GNOME Bugzilla – Bug 730807
GMutex performance regression
Last modified: 2014-06-06 16:35:31 UTC
Whilst looking at some performance-related issues in GStreamer, I noticed a performance regression from GLib 2.30 to 2.32 and later. A degenerate test case of 100 million uncontended lock/unlock cycles of an inited static mutex takes about 150msecs with 2.30 and 5.5secs with 2.32/2.41. I would expect the impact to be even worse on embedded systems, but haven't measured that yet. While the test case may be completely artificial, using pthread_mutex_lock/unlock directly instead of g_mutex_lock/unlock in main code paths in GStreamer led to a ~30% performance improvement in actual test pipelines where most of the work should be copying gigabytes of video data around.
I'm guessing this has something to do with the __sync_synchronize () in g_atomic_pointer_get()...

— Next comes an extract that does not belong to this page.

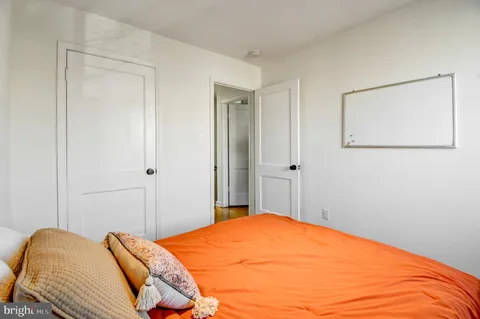 a bedroom with a bed and a painting on the wall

Created attachment 277296 [details] [review] gatomic: fix typo in deprecation attribute
Created attachment 277297 [details] [review] gatomic: whitespace fixes
Created attachment 277298 [details] [review] gatomic: use GCC C11-style atomics, if available GCC does not yet support ISO C11 atomic operations, but it has compatible versions available as an extension. Use these for load and store if they are available in order to avoid emitting a hard fence instruction (since in many cases, we do not need it -- on x86, for example). For now we use the fully seqentially-consistent memory model, since these APIs are documented rather explicitly: "This call acts as a full compiler and hardware memory barrier". In the future we can consider introducing new APIs for the more relaxed memory models, if they are available (or fall back to stricter ones otherwise).
With these I get an improvement from 10.8s -> 4.3s in a quick example that does a tight loop of lock(); unlock();. I'd be interested in knowing what impact this has on your real world case.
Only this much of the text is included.